Of kannibalisme de beestjes ook echt goed doet, is nog maar net de vraag. “Uit andere onderzoeken is gebleken dat Wolfspinnen die alleen soortgenoten eten, lang niet zo lang leven als de spinnen die een gevarieerder dieet volgen,” zegt Koltz. “Het betekent dat langdurige kannibalisme misschien niet echt voordelig is. Wolfspinnen zullen echter blijven kannibaliseren als andere prooien niet beschikbaar zijn of als de dichtheid te hoog dreigt te worden.”
Balans
Ondanks dat de hoeveelheid Wolfspinnen door een warmer klimaat toeneemt, betekent dit dus niet gelijk dat er straks buitensporig veel spinnen door het landschap krioelen.
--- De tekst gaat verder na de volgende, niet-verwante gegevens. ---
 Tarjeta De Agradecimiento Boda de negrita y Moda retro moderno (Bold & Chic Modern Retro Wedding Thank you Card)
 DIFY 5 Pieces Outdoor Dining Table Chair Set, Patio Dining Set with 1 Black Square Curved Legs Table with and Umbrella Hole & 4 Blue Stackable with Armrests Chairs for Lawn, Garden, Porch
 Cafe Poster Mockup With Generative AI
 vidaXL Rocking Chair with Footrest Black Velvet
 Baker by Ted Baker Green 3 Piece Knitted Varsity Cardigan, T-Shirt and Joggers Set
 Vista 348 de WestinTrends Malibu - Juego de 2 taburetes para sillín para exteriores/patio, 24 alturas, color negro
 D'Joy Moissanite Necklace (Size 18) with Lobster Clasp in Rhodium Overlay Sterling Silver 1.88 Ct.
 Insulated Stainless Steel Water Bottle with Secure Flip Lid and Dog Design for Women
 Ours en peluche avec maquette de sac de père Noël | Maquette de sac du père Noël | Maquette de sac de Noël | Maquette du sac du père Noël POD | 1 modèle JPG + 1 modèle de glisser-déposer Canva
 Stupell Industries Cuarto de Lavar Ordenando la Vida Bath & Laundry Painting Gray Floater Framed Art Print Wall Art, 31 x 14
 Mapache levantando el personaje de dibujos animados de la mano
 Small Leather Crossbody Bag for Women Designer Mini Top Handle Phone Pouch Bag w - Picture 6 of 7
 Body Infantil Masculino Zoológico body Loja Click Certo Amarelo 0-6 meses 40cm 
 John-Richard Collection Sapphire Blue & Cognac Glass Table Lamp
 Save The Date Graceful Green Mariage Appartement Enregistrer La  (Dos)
De populatie wolfspinnen in het wild reguleert zichzelf eigenlijk door te voorkomen dat een groot aantal jonge spinnen de volwassen leeftijd bereikt. “Hoeveel kannibalisme er plaatsvindt, hangt waarschijnlijk af van de hoeveelheid hulpmiddelen,” zegt Koltz. Kannibalisme is dus een belangrijke – maar ook een iet wat brute – manier om het aantal spinnen dat om dezelfde middelen concurreert, te beperken. “Meer spinnen resulteert dus in meer kannibalistisch gedrag.”
De bevindingen uit de studie hebben belangrijke implicaties. Want naarmate klimaatverandering doorzet en het Noordpoolgebied steeds verder opwarmt, zal ook de lichaamslengte van Wolfspin blijven toenemen, met alle gevolgen van dien. “Dit project richtte zich uitsluitend op het Noordpoolgebied,” zegt Koltz. “Maar mogelijk blijven onze bevindingen niet beperkt tot deze regio, of zelfs tot Wolfspinnen. De resultaten herinneren ons eraan dat veranderingen in lichaamsgrootte van ongewervelden als gevolg van klimaatverandering grote ecologische gevolgen kunnen hebben, waaronder veranderingen in concurrentie, voeding en de bevolkingsstructuur.”